カリグラフィーは、ペン軸とペン先、紙とインクというシンプルなお道具があれば始められます。ペン軸にペン先を取り付け、インクを付け足しながら書きます。

紙の歴史は今から約5000年前に遡ります。古代エジプトで草木の繊維を重ねて作るパピルス紙が発明されました。パピルス(PAPYRUS)は英語で紙(PAPER)、フランス語で紙(PAPIER)の語源となっています。
パピルスと同様に使われていたのが羊皮紙です。動物の皮を加工して筆写の材料としたもので、古代から文学や神聖な文書の筆写に使われてきました。羊皮紙は高価だった為、パピルスは手紙や下書きのような日常の書き物によく使われました。
パピルスは中国から紙の製法が伝わるとやがては生産されなくなりました。

紙は1264年、アジアからシルクロードを通ってヨーロッパにたどり着きました。
滲み防止にデンプンを使っていたためにヨーロッパの気候には合わず虫食いにあってしまいました。その代わりに開発されたのが、動物の皮を煮込んで出たゼラチンを使った紙です。
使い古した布を叩いて細かい繊維にしてから紙にするまでの工程は1800年まで機械が発明されるまで手作業で作られていました。
現在では色付きの紙、質感が違うもの、など沢山の選択肢があるので書き味を試すのは楽しい作業です。
カリグラフィーに適しているのはなめらかな紙です。練習用には80g程の薄い紙を使えば、下敷きのガイドラインが透けて見えていちいち線を引く必要がありません。
作品用には重さ250g, 300gの水彩画用の紙などが書きやすいです。
艶のある紙はインクがはじくことがあり、コットン紙は滲む可能性があります。

インクは昔から使われているクルミの殻を煮立たせて作られたものが滲まず細い線が出ます。
その他瓶入りのインクは微妙なニュアンスの色合いが揃っています。その他、ガッシュ(不透明水彩絵の具)、水彩絵の具、固形顔料は筆で水と混ぜ、ペン先に付けて使います。

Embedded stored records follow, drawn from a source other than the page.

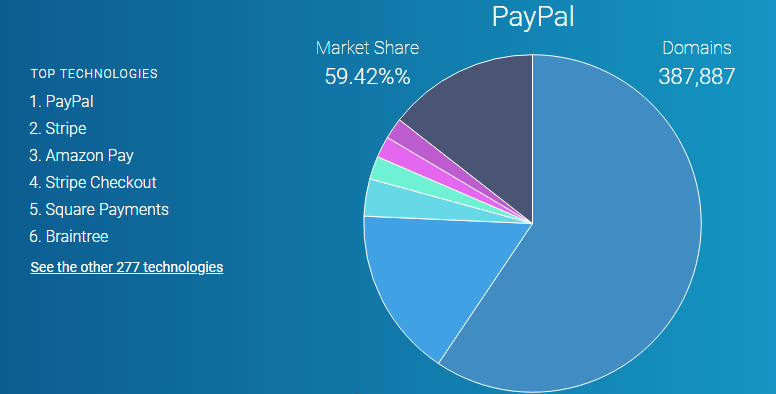 Payment Gateway Companies In India 2024 Meaning Types The Global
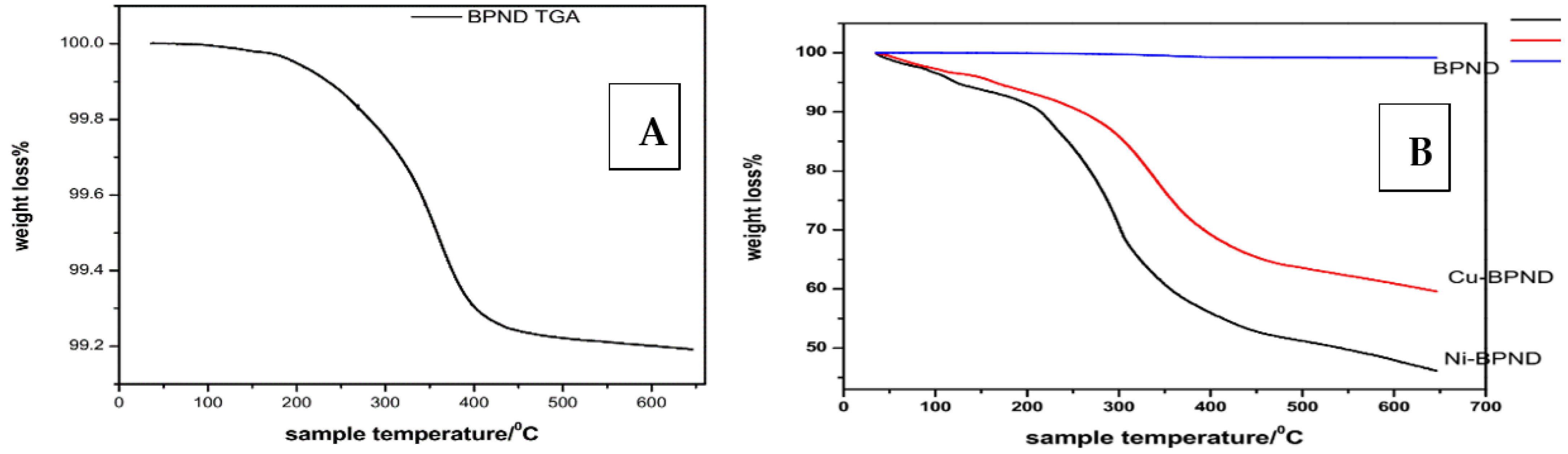 Chemosensors 10 00175 g004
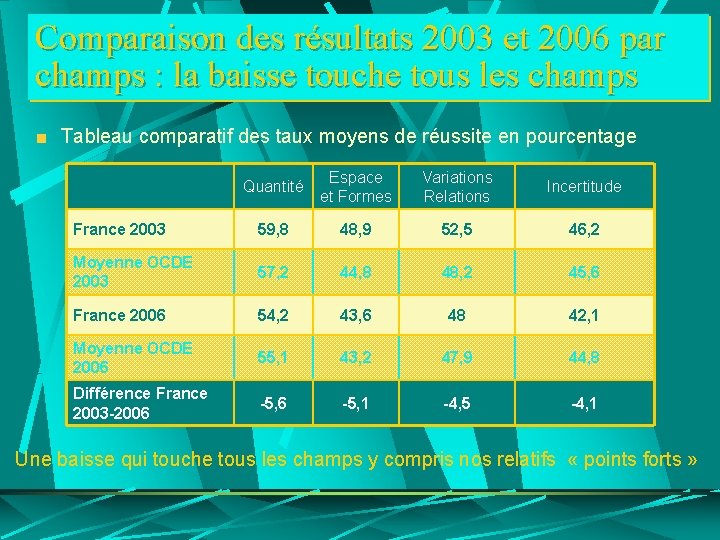 Comparaison des résultats 2003 et 2006 par champs : la baisse touche tous les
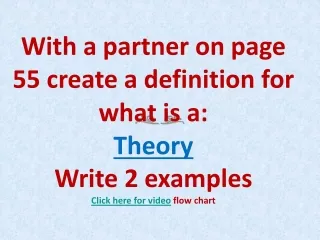 With a partner on page 55 create a definition for what is a: Theory Write 2 examples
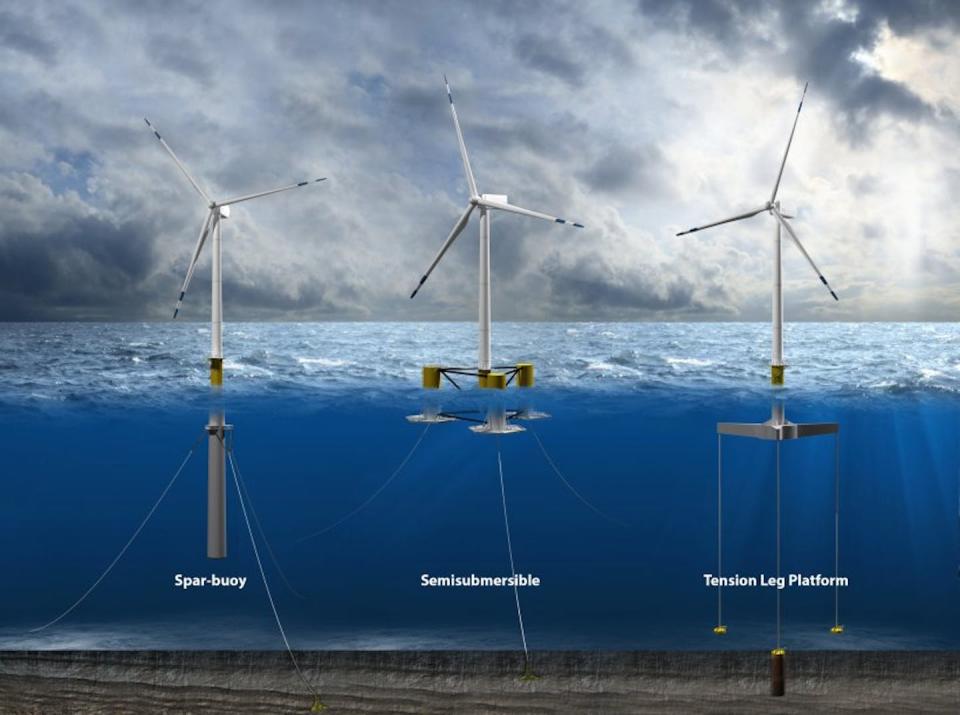 Three of the common types of floating wind turbine platform. <a href="https://www.nrel.gov/news/program/2020/nrel-floats-new-offshore-wind-cost-optimization-tool.html" rel="nofollow noopener" target="_blank" data-ylk="slk:Josh Bauer/NREL;elm:context_link;itc:0;sec:content-canvas" class="link ">Josh Bauer/NREL</a>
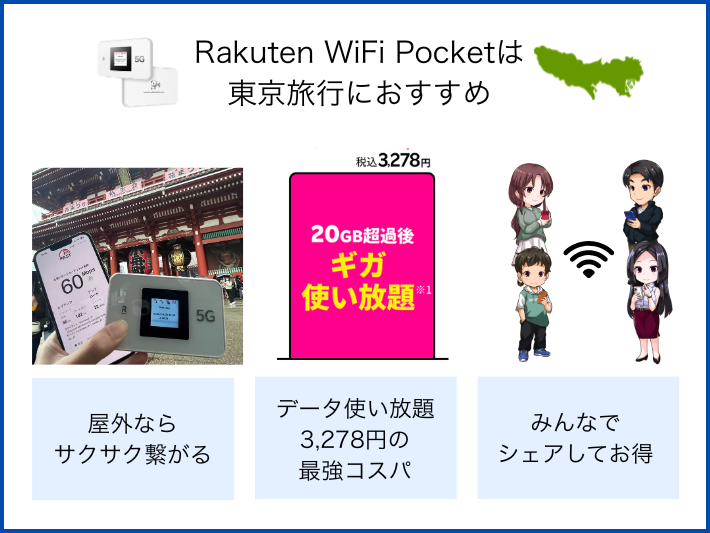東京旅行のお供にRakuten WiFi Pocketはおすすめ？
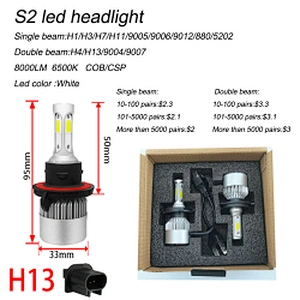 High power headlights led h11 led headlight bulbs s2 led headlight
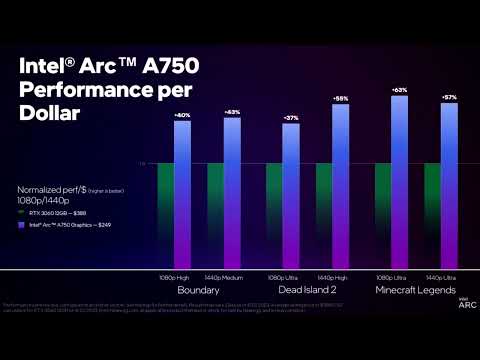 Intel Compares Arc A750 with RTX 3060 With Latest Driver Update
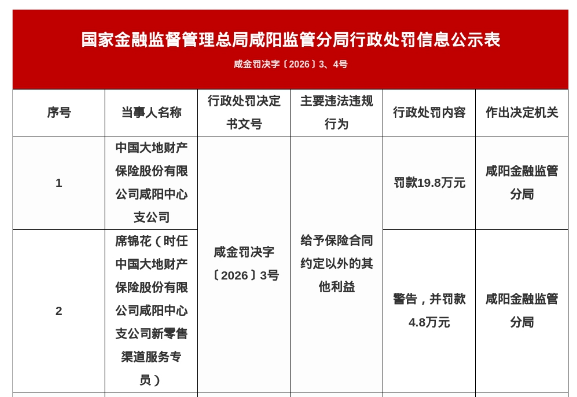 大地财险咸阳中支被罚19.8万,涉给予合同外利益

つけペンの道具は、昔は葦というイネ科の植物の茎を使っていました。
6世紀頃からより柔らかい鳥の羽根が使われるようになり、ヨーロッパでは
よく知られた伝統的なペンです。
ガチョウ、カラス、雄鶏、アヒルの羽根が細かい書き込みに使用され、ハゲタカとワシの羽根が幅広い線の書き込みにと使い分けされていました。
羽根ペンは使っているうちに先が柔らかくなり、頻繁に削ることが必要になります。
19世紀半ばまで、ガチョウの羽の販売はヨーロッパの重要な産業でした。主な生産国はポーランド、リトアニアでした。1830年にイギリスは2400万羽、ドイツは5000万羽を輸入しました。イングランド銀行だけでも年間150万羽の羽を使用しました。
当時の学校では平均1人1日2本の羽根ペンを消費していたそうです。

その後1830年頃に消耗の早い羽根ペンに代わって耐久性のある金属製のペン先が発明され世界に出回ります。ペン先の幅が細いものから太いもの、様々な形のペン先が工場で作られました。
私達は4年前に16000個のヴィンテージのペン先を買い取りました。昔のペン先は丈夫でしなやか、とても書きやすいものばかりです。

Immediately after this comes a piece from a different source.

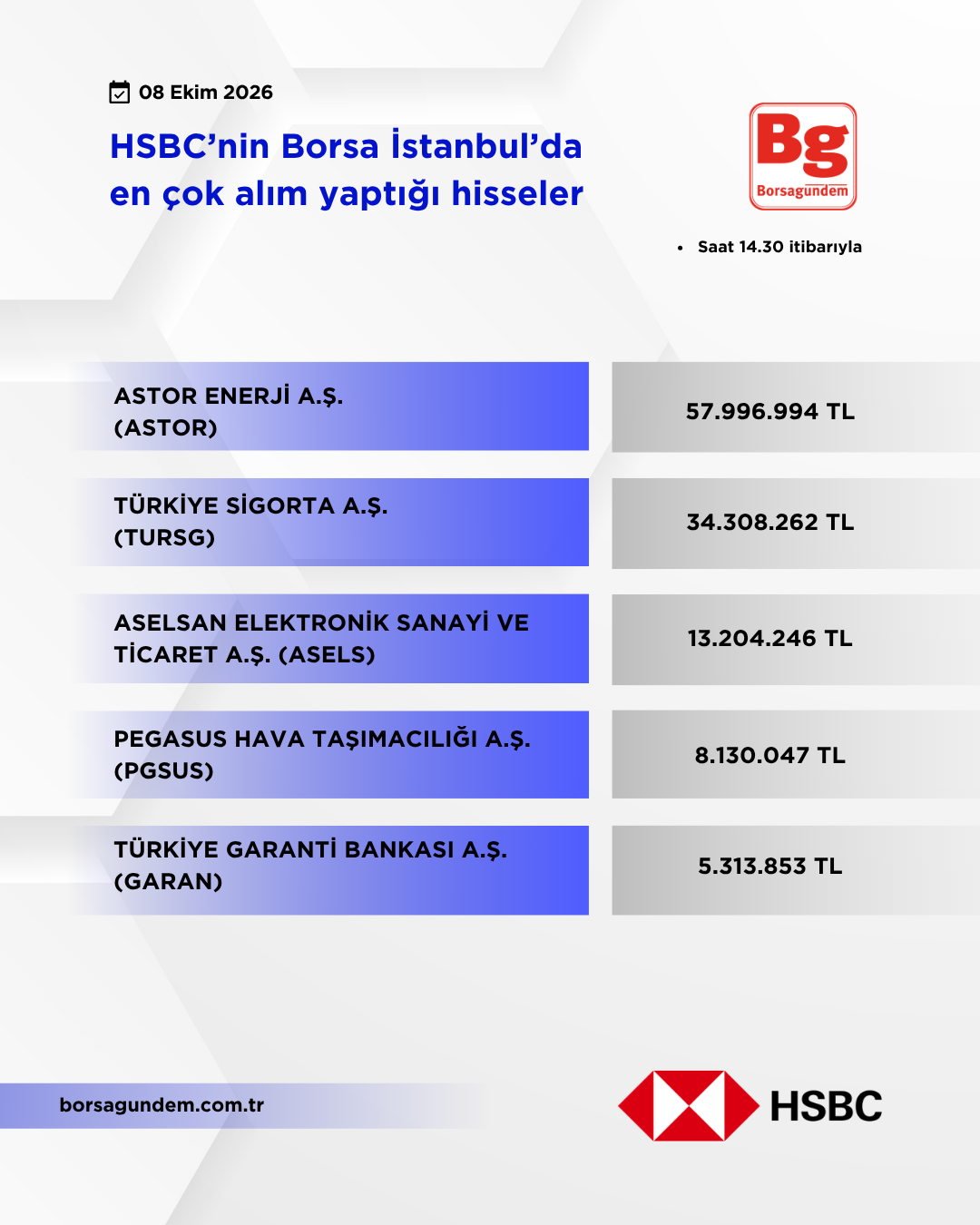 Hsbc 08102026 Aliş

1950年ごろになるとボールペンや万年筆が徐々に普及していき、金属製のペン先は使われなくなっていきます。

お店で年配のお客様とお話する機会があると、「私が子供の頃は学校の机にインク壺が設置されていて、毎朝インクが足されてあなたが今書いているようにインクを付けて書いていたわ」とお話を聞かせてくれます。

現在のフランスの小学校ではノートを書くのに万年筆が使われています。それ以前の書き方を知らないフランスの子供たちですが、みんなカリグラフィーを見て興味を持ちます。
ペン先をインクに付けて書く、細い線と太い線の強弱がコントロールできるペン先は万年筆にはない特徴です。